▶ [Work order]:
Print the whole listing again exactly, keeping no pictures in it.

▶ [Given data]:
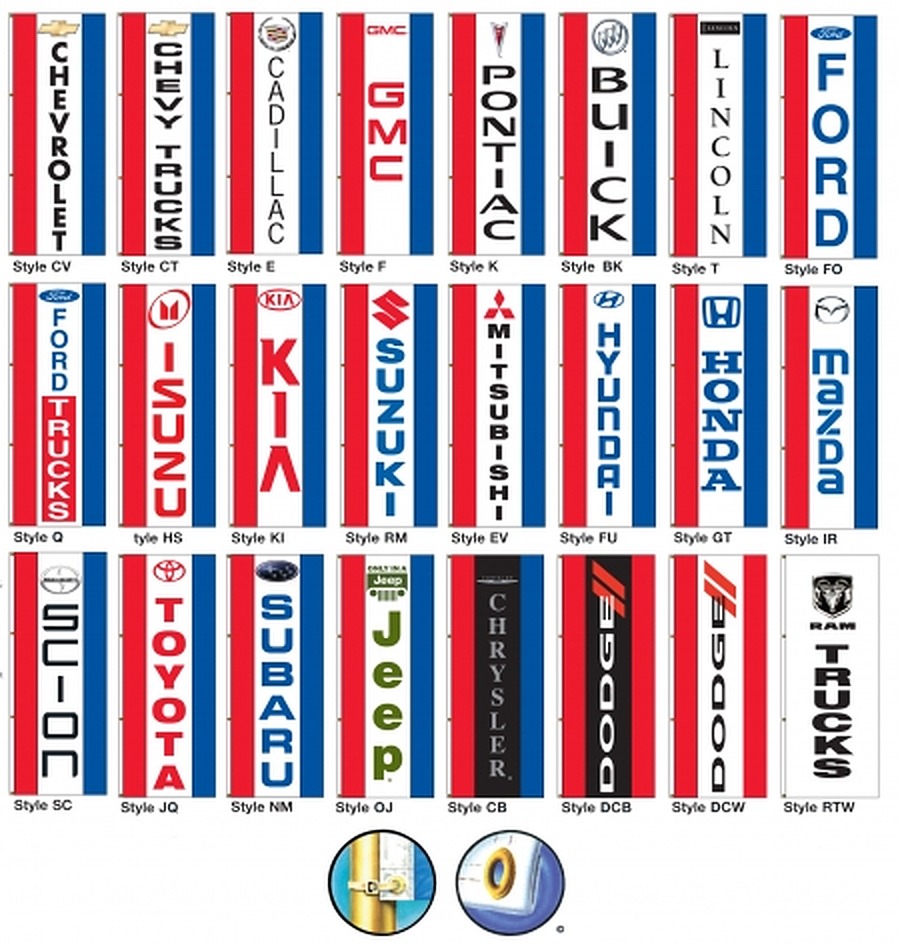 Giant Authorized Dealer Rotator Drape Flags - 3 ft x 8 ft
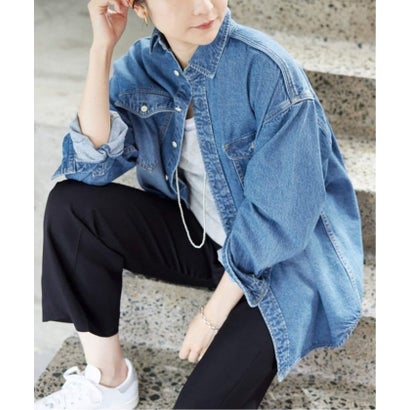 《WEB限定/追加2》LE DENIM BDUデニムシャツ （ブルー A）｜詳細画像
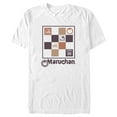 thumbnail image 1 of Men's Maruchan Checkered Logo  Graphic Tee White Medium, 1 of 5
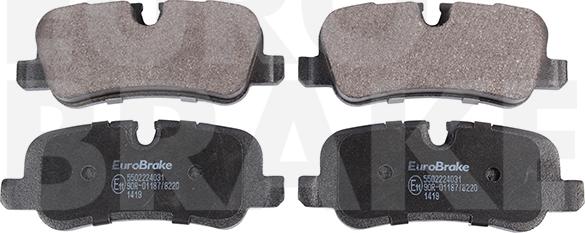 Eurobrake 5502224031 - Kit de plaquettes de frein, frein à disque cwaw.fr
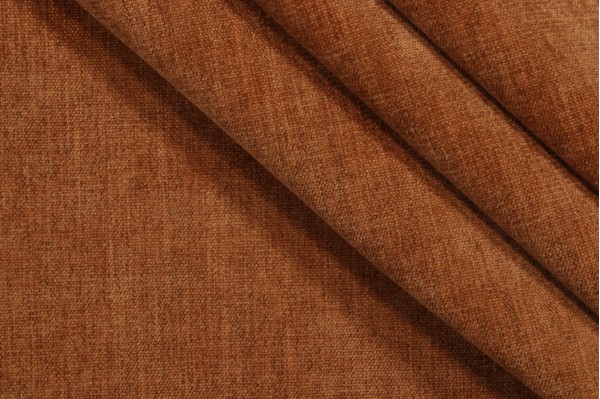 Crypton Bennett High Performance Chenille Upholstery Fabric in Copper 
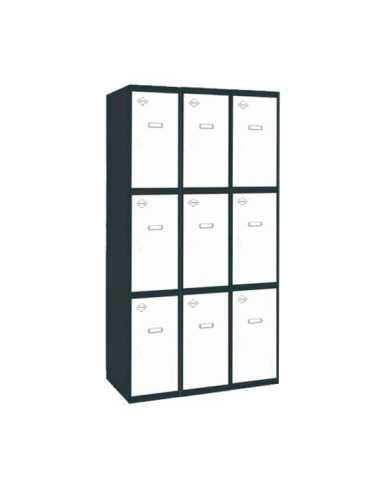 Taquilla 1800x900x500 SIMONLOCKER PROFESIONAL 3 PUERTA 3/9 300 (900)AN/BL marca SIMONRACK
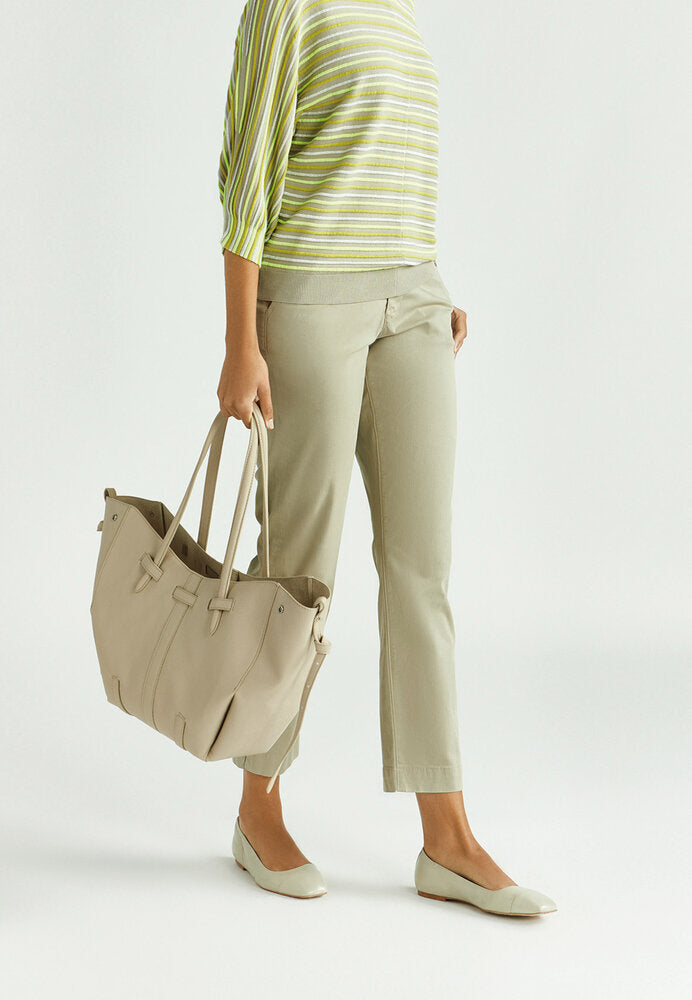Pantalon slim fit taupe kleureige Xandres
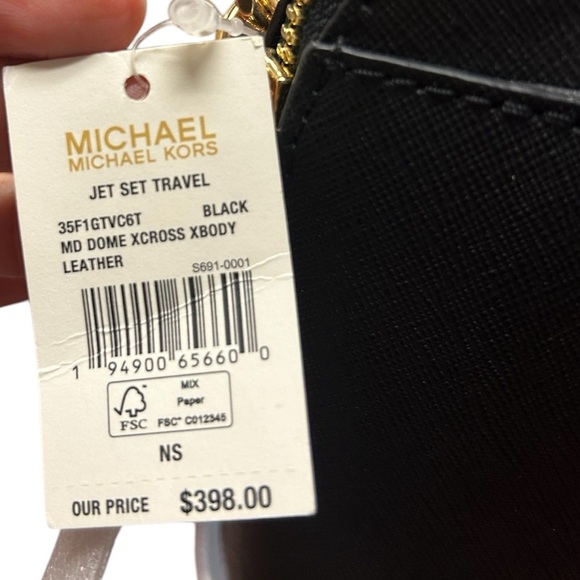 Michael Kors Black Crossbody, NWT - Picture 5 of 6
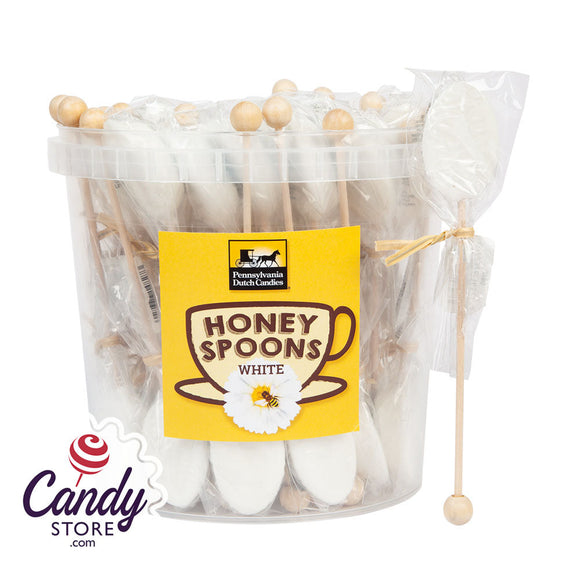 Honey Spoons White Honey Pennsylvania Dutch - 50ct CandyStore.com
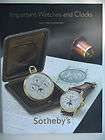 Sothebys Important Watches and Clocks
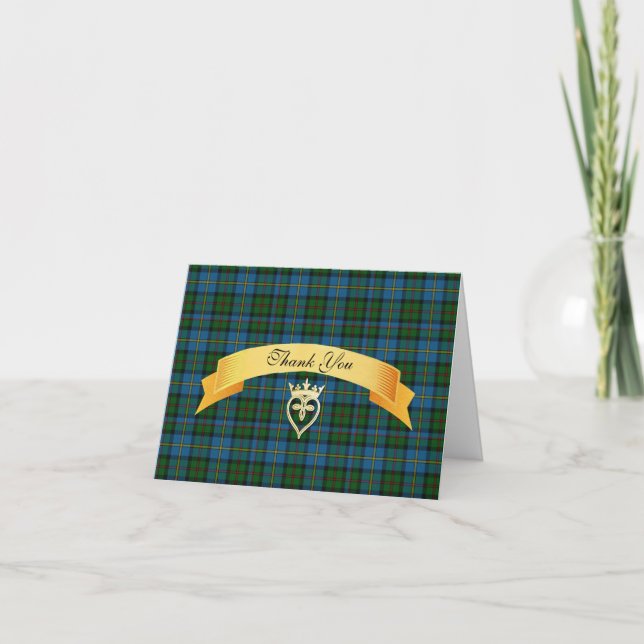 Clan MacLeod Wedding Dankeschön Card Dankeskarte (Vorderseite)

▶ [Task result]:
 Giant Authorized Dealer Rotator Drape Flags - 3 ft x 8 ft
 《WEB限定/追加2》LE DENIM BDUデニムシャツ （ブルー A）｜詳細画像
 thumbnail image 1 of Men's Maruchan Checkered Logo  Graphic Tee White Medium, 1 of 5
 Eurobrake 5502224031 - Kit de plaquettes de frein, frein à disque cwaw.fr
 Crypton Bennett High Performance Chenille Upholstery Fabric in Copper 
 Taquilla 1800x900x500 SIMONLOCKER PROFESIONAL 3 PUERTA 3/9 300 (900)AN/BL marca SIMONRACK
Pantalon slim fit taupe kleureige Xandres
 Michael Kors Black Crossbody, NWT - Picture 5 of 6
 Honey Spoons White Honey Pennsylvania Dutch - 50ct CandyStore.com
 Sothebys Important Watches and Clocks
 Clan MacLeod Wedding Dankeschön Card Dankeskarte (Vorderseite)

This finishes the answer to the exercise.